Ok. I better go and try one then!


----------



## Lupostef (Nov 20, 2011)

Ryanjdover said:


> Ok. I better go and try one then!


If your planning on buying new and don't want to mod, I'd suggest the corsa burg, can't grumble at lifetime free warrantee on a hot hatch even if it is from vauxhall :lol:


----------



## Ryanjdover (Apr 1, 2013)

Lupostef said:


> If your planning on buying new and don't want to mod, I'd suggest the corsa burg, can't grumble at lifetime free warrantee on a hot hatch even if it is from vauxhall :lol:


Ideally looking at used and around 08 or 58 if poss. Some nice ones out there but difficult to know what to look out for.


----------



## Trip tdi (Sep 3, 2008)

Very nice :thumb:


----------



## Lupostef (Nov 20, 2011)

Ryanjdover said:


> Ideally looking at used and around 08 or 58 if poss. Some nice ones out there but difficult to know what to look out for.

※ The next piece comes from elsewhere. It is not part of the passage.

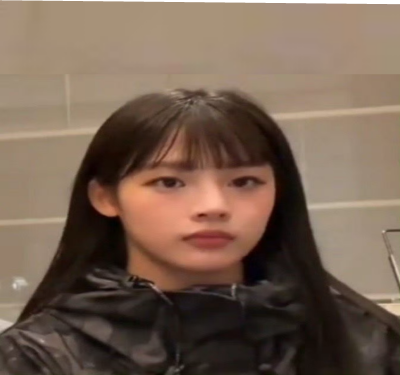 金玟池 minji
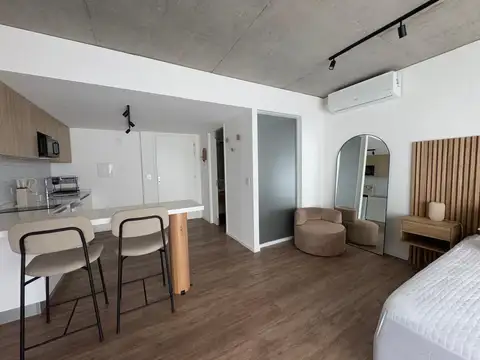 Departamento en Alquiler en San Telmo, USD 1.100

Main thing to visually look out for especially around that age is a close panel gap between the rear quater and rear bumper, causing rubbing and surface rust.

Also the obvious service history, regular oil changes etc. There are some scabby ones about it took me a while to find mine, I was looking at 10 plates etc and ended up bagging an 07 saving me £4k+, full service history, 1 owner from new and 20kmiles .

Just keep looking mate its a buyers market in our current climate :thumb:


----------



## bigslippy (Sep 19, 2010)

Nice work Stef , is that your garage set up?

Thanks for the short write up:lol:


----------



## Lupostef (Nov 20, 2011)

bigslippy said:


> Nice work Stef , is that your garage set up?
> 
> Thanks for the short write up:lol:


Cheers mate. Do I sense a bit of sarcasm there  for me it is a short write up :lol:

It's not my garage unfortunately, it's a mate of mine who is a member on here. It's slowly becoming more and more detail focused though :lol:


----------



## sprocketser (Aug 4, 2012)

Great job as usual Lupostef .


----------



## Soul Hudson (Jul 5, 2011)

Always great work coming from yourself my man. 

Plus a wax to match your cracking finish.


----------



## Lupostef (Nov 20, 2011)

Cheers fella's


----------



## B0DSKI (Nov 25, 2011)

Very nice Stef. Looks great.


----------



## Detailing JunKy (May 2, 2013)

Great little car and write up just missing 1 thing that would set it off nicely, tyre shine


----------



## Michael_McL (Aug 25, 2011)

Great work fella


----------



## Lupostef (Nov 20, 2011)

Cheers all 



Detailing JunKy said:


> Great little car and write up just missing 1 thing that would set it off nicely, tyre shine


Good spot, pics were before anything was dressed, also the plastics and rubbers


----------



## Detailing JunKy (May 2, 2013)

Ahh right ill get my coat haha, I used to own one of these in Arden aswell used to love the colour and shine after a clean


----------